もしや、さっきのアラームで起こしてしまったのでは? 


「えっとほら、部活で遠征するって……言ってなかったっけ?」

「そっか、ならよかった」

 

元々予定があったのか。

僕は安堵からかほっと息を吐く。


「え、遠征⁉︎ お弁当がいるってこと⁉」

「……あっ、ごめん。言うの忘れてた」


咲夜は顔をしょんぼりとさせて少し俯く。


「いや、ごめんね咲夜。お兄ちゃんが確認しなかったから」


こういう場合はしっかり注意べきなんだろう。それでも、つい咲夜を甘やかしてしまうのは、これまでに染み付いた僕の習性なのかもしれない。

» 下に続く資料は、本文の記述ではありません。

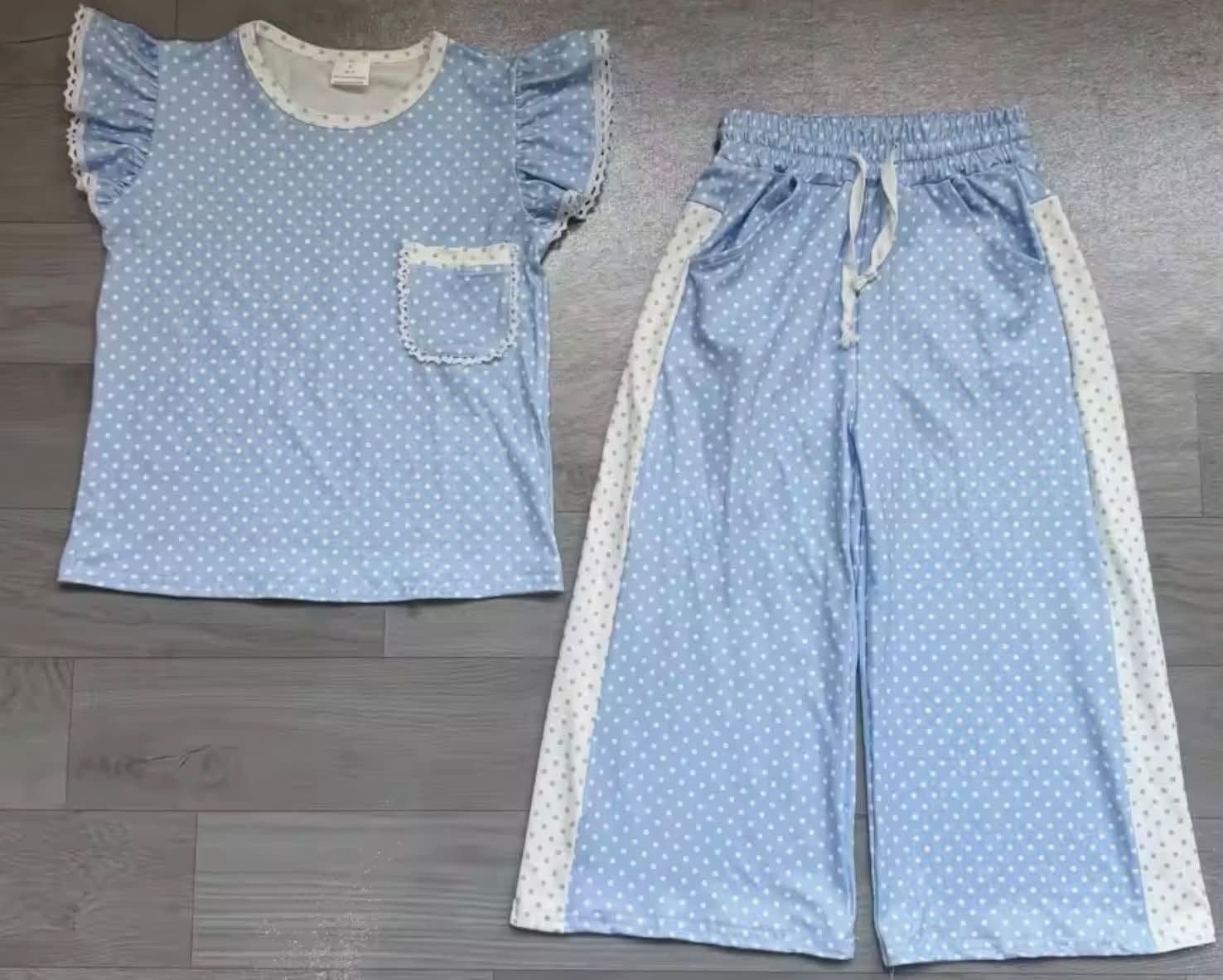 Polkadot Ruffle Wide Let Pant Set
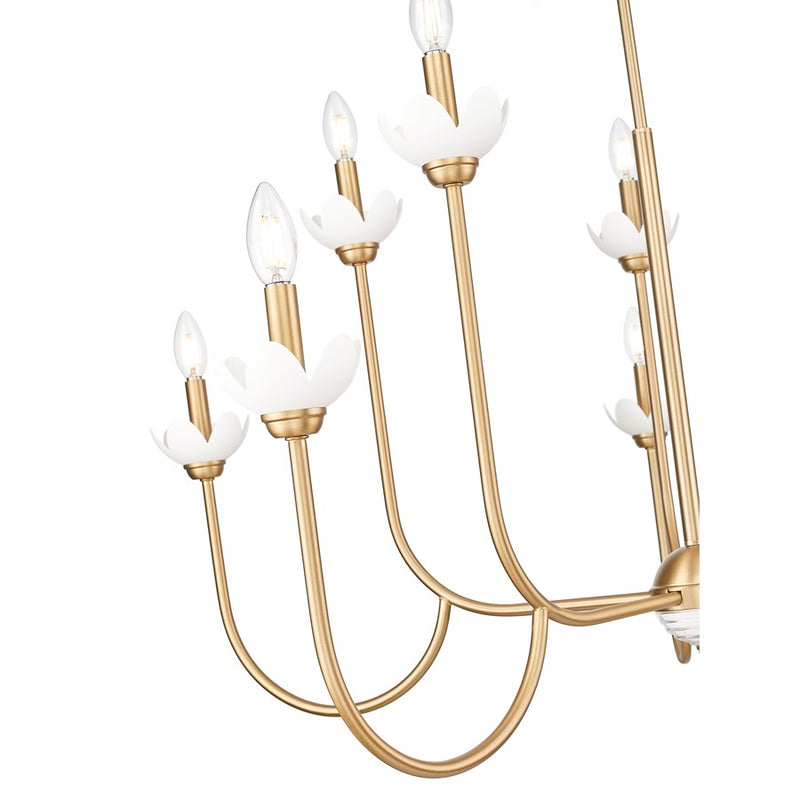 Z-Lite Allistair 10 Light Chandelier, Modern Gold/Clear Ribbed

「ううん、お兄は悪くないよ。私が連絡を怠ったからだし」  

「……とりあえず大丈夫。お兄ちゃんが何とかするから」


何とかすると言っても、どうしようかな? お弁当は……ご飯さえ炊ければ、晩の残りと冷凍食品とかで済ませよう。朝ご飯は食パンと目玉焼きで我慢してもらうか。


「あ、ありがとう。お兄!」

 

咲夜はどこか心苦しそうに笑う。


「そういえば、お兄も相変わらず朝早いね?」

「う、うん。今日は僕も、友達と出掛ける予定があってさ」

「そっかー、珍しいね。ちなみに友達って、もしかして悠くんと?」 

「いや、悠人じゃないんだ」

「……まさかとは思うけど、女の子と一緒とかじゃないよね?」

「うーん。なんていうか、イケメンでカッコいい王子様みたいな人かな」


僕がそう答えると、咲夜は急に抱きしめる力を強めた。


「なにそれ? 遊び慣れた男ってこと?」

 

なんか咲夜の顔が怖い。 


「ダメだよ、お兄! そんな女たらし、きっとお兄の体目当てだよ」

 

そんな発想と言葉、どこで覚えてきたんだ。


「大丈夫、咲夜が思うような悪い人じゃないから」

「騙されちゃダメだよ! 悪い奴は最初、優しい顔して近寄ってくるんだよ? くそ、私のお兄を誑かす害虫め、許せん‼」

「ねえ咲夜、僕を大切にしてくれるのは嬉しいけど、ちょっと……苦しい……」

「あっ、ごめん。つい力が」

 

まったく、そんなてへぺろみたいなことして。 

昔から何かあるとすぐに甘えてくる可愛い妹だが、今年でもう十五歳になる。いつまでも、兄にべったりさせるのは良くないよな。僕よりも背が高くなったことだし。


「お兄、どうしたの? 私、お腹すいちゃった。朝ご飯、一緒に食べよっ!」

 

うん、別にいいや。

 

満面の笑みを浮かべる咲夜の頭を撫でながら、僕はもうしばらく甘やかすことを決めた。